■ WHAT YOU NEED TO DO: Repeat the listing exactly, line by line, and leave the pictures behind.
SOURCE MATERIAL: Begin
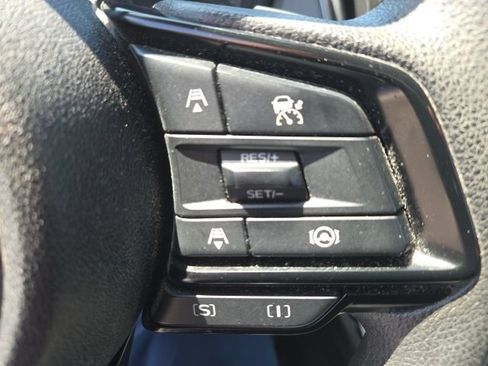 Used 2024 Subaru Crosstrek 2.0i Premium AWD/4WD image 5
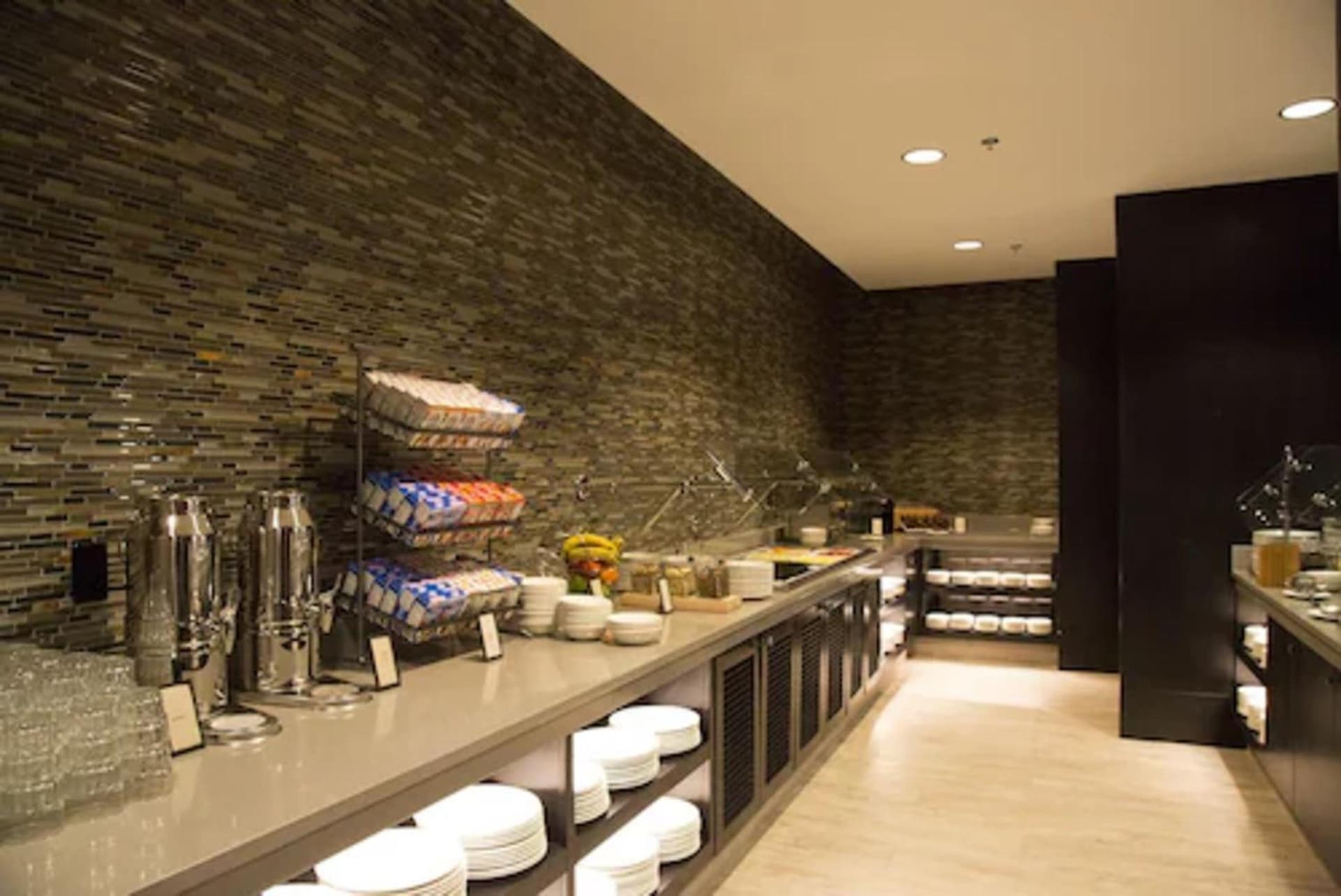 Hilton Kansas City Airport gallery photo in Kansas City, KS — image 39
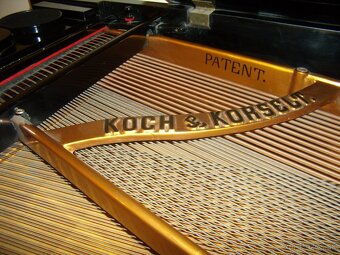 Klavírne krídlo - 2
SOURCE MATERIAL: End
■ REPLY TO THE EXERCISE:
 Used 2024 Subaru Crosstrek 2.0i Premium AWD/4WD image 5
 Hilton Kansas City Airport gallery photo in Kansas City, KS — image 39
 Klavírne krídlo - 2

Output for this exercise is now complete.